I have to say, even after more than two decades, I still can’t read the books or watch the movies, I find them all too upsetting, too negative, sometimes frankly very one-sided.

I remember this one evening, when my husband and I were living in Cardiff, I was sitting on the floor sorting out our filing while the TV was on. As I wasn’t really paying much attention to what was on, suddenly a familiar language caught my attention. I looked up and I saw that a program about Bosnia had started, most of it was subtitled. My husband was working in his office upstairs.

I started watching it and COULD NOT believe my eyes. The translation of the program was completely manipulated to in-a-sense simplify the conflict, the war. What people were actually saying was translated to mean something completely different. It was utterly and completely manipulated. It was completely wrongly translated. Not just grammatically, but the complete opposite to what the interviewees were saying.

I was so angry. I got so upset. I started crying. My husband heard me and he rushed down the stairs. He very quickly realised what was going on and turned the TV off. Once I calmed down, he explained to me that the media will always simplify the news, the “factual” programs would too, to appease the viewers, the general public. He explained that there had to simply be a bad side & a good side. It felt so unfair. So unfair! I wanted to scream from the top of my lungs: “It’s not true! It’s not true!” But I was powerless.
Very quickly I realised that there was nothing I could do to change the way it was all reported in the UK, or worldwide. The only thing I could do is stay truthful and say things the way I saw them with my own eyes, show the world what we were really like as people.
From then on, I decided to tell mostly positive stories, where possible. Unfortunately certain events have to be told, in order for me to paint the full picture.
I want to tell you about the good people in my life, from my country. The kind, generous, in a way naïve, good people of Republika Srpska and Bosnia. Most of people from this part of the world, who came into my life, were amazing. I desperately want the world to hear about them. About the obstacles they overcame to help others, sometimes help others from the opposite side, the “enemy” side, by doing so they were putting their lives at risk. But they helped.

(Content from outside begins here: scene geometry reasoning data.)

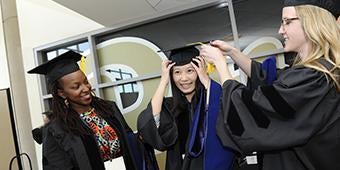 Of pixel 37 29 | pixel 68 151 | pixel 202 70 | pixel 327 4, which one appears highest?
pixel 37 29

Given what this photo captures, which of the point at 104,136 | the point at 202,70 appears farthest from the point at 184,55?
the point at 104,136

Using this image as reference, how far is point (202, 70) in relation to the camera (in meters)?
1.45

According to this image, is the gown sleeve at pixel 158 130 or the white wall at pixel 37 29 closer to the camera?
the gown sleeve at pixel 158 130

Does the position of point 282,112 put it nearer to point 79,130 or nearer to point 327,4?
point 327,4

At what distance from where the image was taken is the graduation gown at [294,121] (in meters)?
1.03

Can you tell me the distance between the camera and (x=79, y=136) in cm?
149

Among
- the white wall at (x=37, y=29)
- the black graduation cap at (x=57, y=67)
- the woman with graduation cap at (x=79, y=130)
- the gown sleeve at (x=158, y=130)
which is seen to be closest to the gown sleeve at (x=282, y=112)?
the gown sleeve at (x=158, y=130)

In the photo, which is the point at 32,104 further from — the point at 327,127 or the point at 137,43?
the point at 327,127

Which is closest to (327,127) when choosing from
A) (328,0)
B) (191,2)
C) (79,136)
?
(328,0)

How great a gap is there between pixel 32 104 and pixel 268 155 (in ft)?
9.49

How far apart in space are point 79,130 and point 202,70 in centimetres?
65

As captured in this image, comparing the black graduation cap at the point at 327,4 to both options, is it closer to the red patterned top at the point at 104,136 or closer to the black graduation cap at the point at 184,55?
the black graduation cap at the point at 184,55

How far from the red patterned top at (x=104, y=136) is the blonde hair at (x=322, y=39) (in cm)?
95

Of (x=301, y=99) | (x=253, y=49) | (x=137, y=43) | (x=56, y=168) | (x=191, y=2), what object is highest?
(x=191, y=2) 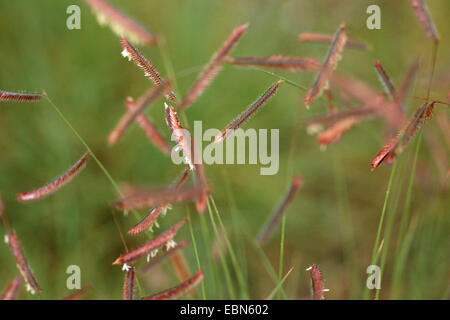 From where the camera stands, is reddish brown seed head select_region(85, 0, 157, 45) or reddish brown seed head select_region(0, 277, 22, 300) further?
reddish brown seed head select_region(0, 277, 22, 300)

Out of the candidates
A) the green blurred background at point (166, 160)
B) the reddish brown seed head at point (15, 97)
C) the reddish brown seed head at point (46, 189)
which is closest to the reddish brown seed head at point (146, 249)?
the reddish brown seed head at point (46, 189)

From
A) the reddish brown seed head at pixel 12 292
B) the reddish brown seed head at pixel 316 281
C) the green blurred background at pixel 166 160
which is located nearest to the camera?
the reddish brown seed head at pixel 316 281

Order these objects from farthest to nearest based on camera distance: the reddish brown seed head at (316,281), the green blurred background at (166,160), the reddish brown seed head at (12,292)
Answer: the green blurred background at (166,160) → the reddish brown seed head at (12,292) → the reddish brown seed head at (316,281)

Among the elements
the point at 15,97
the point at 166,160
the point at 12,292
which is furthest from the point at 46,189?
the point at 166,160

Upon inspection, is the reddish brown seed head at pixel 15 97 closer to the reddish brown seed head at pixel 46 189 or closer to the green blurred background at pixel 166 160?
the reddish brown seed head at pixel 46 189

In the late eighties, early nineties, sadly I can’t remember exactly when, our mum and dad sat us down to talk to us about what they thought was going to happen. They said that our country was probably going to war and that Yugoslavia will no longer be;  it will be split into many different countries. My dad suddenly got very serious. He didn’t sugar-coat it for us at all.  He said that things will at times get nasty, violent, but that they will prepare us for it all. He promised that he will do his best for us to never go hungry or be without clothes or shoes, or firewood.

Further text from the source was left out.